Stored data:
-- -- --
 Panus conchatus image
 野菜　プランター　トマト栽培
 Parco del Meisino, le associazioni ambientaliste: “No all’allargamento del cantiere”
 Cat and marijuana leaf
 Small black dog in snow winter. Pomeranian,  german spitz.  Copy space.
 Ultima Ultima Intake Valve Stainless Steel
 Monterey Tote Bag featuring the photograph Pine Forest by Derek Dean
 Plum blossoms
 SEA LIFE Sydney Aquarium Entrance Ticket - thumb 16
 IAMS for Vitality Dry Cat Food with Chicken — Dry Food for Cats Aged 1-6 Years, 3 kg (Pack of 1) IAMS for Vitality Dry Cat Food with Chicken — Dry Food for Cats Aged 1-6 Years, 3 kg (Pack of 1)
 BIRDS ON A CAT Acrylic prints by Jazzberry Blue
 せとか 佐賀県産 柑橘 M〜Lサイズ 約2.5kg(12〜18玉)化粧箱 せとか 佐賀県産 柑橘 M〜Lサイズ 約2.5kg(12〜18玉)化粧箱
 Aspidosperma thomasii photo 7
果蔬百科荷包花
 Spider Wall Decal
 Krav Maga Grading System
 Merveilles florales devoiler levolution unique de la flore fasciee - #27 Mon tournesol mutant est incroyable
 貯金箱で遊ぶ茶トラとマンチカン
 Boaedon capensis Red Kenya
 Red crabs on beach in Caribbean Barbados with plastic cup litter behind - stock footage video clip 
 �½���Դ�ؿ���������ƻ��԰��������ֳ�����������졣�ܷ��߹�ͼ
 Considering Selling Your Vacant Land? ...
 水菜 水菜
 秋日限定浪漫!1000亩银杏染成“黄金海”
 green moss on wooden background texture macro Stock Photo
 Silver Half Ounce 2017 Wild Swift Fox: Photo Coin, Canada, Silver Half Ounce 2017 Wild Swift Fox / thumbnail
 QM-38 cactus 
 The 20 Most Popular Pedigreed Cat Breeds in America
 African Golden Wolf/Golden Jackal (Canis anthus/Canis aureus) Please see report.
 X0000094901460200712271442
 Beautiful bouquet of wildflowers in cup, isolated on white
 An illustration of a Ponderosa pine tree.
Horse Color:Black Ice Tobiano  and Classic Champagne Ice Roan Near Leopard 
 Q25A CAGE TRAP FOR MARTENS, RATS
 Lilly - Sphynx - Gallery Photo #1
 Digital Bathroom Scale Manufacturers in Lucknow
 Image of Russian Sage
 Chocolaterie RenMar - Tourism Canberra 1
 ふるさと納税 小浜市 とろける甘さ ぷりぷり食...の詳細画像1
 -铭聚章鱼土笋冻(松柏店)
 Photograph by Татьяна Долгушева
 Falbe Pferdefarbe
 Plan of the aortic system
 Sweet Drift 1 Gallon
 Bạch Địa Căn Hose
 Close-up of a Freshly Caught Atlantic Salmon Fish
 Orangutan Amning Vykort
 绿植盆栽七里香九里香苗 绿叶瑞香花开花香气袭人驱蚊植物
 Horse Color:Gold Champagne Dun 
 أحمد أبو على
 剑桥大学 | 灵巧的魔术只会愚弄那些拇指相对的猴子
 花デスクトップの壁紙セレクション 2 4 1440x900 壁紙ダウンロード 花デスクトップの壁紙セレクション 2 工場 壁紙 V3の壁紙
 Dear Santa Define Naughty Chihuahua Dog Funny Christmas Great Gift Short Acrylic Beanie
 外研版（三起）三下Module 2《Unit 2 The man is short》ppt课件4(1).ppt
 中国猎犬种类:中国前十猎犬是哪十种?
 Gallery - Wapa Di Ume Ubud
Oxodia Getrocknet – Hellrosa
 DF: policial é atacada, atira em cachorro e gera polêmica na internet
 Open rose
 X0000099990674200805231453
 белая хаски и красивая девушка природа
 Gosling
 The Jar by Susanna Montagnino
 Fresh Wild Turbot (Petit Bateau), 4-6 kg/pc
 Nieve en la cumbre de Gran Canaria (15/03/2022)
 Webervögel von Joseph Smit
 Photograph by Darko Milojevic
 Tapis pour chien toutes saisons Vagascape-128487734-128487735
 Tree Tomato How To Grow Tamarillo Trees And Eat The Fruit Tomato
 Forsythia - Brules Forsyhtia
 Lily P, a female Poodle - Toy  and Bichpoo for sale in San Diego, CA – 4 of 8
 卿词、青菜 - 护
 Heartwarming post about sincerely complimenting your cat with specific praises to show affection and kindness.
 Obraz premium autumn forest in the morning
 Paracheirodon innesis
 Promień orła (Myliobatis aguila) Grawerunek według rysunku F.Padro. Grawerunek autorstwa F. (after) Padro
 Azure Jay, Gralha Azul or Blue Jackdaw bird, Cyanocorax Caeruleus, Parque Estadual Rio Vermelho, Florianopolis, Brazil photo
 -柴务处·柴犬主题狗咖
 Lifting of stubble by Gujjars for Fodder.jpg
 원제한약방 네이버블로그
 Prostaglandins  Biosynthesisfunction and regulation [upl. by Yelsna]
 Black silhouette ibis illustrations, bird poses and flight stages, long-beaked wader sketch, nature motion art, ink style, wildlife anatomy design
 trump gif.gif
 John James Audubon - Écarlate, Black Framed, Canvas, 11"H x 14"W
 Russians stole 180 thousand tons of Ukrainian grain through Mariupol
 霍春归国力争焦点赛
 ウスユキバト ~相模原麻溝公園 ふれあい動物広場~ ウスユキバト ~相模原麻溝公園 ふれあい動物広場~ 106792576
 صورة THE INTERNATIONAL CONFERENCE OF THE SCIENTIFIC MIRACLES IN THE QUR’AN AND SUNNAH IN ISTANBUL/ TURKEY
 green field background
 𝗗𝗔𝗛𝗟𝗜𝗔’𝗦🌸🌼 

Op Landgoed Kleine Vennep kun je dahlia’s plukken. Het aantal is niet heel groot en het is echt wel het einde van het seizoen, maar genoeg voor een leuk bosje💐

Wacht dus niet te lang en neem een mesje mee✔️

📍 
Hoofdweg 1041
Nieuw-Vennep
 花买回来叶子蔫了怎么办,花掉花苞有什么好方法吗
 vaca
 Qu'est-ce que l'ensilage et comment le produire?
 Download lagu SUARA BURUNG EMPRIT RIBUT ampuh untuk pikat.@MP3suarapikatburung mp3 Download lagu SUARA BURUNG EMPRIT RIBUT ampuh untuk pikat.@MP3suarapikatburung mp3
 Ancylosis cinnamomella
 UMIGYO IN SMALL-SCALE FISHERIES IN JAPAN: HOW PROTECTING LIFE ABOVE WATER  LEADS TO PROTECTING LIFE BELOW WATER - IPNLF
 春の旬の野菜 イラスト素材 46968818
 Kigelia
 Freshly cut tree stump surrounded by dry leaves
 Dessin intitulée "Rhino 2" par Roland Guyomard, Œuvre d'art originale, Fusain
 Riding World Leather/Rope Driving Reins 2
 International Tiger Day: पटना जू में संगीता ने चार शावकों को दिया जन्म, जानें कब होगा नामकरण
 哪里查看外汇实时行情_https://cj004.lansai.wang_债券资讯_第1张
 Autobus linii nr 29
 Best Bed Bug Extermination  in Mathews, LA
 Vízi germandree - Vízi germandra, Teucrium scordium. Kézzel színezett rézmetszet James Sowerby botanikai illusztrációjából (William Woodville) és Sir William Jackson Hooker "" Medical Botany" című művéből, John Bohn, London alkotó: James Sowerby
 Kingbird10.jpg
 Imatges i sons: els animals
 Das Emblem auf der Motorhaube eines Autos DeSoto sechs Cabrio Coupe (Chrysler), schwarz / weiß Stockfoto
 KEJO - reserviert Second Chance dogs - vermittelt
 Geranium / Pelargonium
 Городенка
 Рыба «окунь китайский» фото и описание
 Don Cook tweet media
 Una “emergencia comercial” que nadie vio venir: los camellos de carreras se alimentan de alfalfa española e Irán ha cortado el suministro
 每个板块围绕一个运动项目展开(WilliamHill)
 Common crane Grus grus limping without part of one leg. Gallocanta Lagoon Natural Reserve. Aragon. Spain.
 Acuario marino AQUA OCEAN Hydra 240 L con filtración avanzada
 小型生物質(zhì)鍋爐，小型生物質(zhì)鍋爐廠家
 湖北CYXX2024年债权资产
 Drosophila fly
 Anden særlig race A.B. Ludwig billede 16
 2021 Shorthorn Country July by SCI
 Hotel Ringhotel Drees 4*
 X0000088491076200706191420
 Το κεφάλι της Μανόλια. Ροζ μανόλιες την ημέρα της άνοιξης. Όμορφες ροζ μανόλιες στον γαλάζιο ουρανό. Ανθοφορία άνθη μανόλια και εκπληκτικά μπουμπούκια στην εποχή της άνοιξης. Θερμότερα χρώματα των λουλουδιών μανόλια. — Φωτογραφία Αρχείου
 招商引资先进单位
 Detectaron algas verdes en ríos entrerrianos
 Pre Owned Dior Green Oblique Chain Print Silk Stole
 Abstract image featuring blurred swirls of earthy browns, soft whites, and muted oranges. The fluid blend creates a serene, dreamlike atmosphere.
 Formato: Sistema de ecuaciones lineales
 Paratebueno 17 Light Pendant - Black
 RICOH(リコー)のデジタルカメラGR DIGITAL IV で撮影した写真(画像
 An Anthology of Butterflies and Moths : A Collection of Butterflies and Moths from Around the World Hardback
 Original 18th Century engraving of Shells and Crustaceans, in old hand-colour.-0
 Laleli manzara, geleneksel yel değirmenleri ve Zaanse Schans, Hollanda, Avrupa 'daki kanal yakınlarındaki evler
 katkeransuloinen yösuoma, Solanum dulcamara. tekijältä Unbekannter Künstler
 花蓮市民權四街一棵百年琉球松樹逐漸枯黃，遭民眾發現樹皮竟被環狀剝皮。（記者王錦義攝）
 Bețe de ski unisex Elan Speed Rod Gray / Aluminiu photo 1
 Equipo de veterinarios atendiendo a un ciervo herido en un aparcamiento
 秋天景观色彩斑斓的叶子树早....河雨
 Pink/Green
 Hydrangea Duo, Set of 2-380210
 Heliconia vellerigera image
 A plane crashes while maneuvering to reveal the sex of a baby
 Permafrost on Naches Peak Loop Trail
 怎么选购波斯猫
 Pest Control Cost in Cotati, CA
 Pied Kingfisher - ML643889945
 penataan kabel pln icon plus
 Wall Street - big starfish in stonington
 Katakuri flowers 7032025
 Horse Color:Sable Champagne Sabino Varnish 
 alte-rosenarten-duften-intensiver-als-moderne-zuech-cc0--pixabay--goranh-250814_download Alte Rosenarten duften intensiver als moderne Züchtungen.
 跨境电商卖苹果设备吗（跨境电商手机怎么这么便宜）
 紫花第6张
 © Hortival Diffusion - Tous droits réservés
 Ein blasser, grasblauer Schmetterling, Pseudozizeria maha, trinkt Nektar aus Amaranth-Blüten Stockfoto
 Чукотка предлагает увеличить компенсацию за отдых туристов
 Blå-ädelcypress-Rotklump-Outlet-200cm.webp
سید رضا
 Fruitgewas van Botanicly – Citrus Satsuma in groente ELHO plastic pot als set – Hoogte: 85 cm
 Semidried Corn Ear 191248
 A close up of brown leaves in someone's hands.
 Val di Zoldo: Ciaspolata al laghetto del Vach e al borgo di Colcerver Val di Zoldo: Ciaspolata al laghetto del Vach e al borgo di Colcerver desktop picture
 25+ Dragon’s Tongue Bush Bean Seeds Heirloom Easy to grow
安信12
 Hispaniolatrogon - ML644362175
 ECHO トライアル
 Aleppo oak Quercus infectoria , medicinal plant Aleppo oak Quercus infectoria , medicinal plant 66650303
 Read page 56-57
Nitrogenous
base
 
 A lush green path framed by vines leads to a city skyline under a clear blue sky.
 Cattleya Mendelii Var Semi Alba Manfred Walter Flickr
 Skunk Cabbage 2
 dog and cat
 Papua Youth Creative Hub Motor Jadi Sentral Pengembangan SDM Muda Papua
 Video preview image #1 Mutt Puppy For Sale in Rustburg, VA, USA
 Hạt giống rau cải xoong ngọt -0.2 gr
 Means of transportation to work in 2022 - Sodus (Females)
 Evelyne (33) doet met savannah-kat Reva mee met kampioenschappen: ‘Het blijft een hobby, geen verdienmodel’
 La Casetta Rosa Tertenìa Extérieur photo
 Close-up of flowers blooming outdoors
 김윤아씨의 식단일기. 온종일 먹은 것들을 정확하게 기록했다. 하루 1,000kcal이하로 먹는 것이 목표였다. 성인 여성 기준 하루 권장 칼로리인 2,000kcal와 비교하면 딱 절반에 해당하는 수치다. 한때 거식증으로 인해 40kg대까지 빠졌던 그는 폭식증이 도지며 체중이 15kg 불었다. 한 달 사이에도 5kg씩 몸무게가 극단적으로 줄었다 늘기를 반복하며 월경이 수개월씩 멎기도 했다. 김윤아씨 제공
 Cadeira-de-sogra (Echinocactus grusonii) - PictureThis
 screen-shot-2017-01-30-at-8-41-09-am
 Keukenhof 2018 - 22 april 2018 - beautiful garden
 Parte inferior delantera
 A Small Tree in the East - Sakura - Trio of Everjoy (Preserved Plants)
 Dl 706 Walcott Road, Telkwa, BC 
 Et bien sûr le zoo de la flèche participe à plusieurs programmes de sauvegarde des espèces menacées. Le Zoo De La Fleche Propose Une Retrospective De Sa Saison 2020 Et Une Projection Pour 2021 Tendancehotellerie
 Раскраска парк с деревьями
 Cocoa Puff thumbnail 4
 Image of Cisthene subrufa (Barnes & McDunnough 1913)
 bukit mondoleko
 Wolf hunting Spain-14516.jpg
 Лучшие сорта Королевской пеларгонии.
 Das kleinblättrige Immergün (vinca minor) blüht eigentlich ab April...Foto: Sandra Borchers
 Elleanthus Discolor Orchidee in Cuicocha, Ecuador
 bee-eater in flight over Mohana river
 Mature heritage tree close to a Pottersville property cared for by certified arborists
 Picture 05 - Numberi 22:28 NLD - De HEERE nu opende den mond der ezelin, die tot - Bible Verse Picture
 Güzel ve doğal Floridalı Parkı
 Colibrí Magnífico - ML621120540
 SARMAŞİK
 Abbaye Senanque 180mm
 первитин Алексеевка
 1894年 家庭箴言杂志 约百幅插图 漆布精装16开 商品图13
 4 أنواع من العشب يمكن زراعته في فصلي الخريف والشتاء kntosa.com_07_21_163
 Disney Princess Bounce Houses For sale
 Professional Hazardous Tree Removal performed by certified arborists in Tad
-- -- --
For the string "Vennep", search the preceding data and copy every line that includes it.

→ Response
Op Landgoed Kleine Vennep kun je dahlia’s plukken. Het aantal is niet heel groot en het is echt wel het einde van het seizoen, maar genoeg voor een leuk bosje💐
Nieuw-Vennep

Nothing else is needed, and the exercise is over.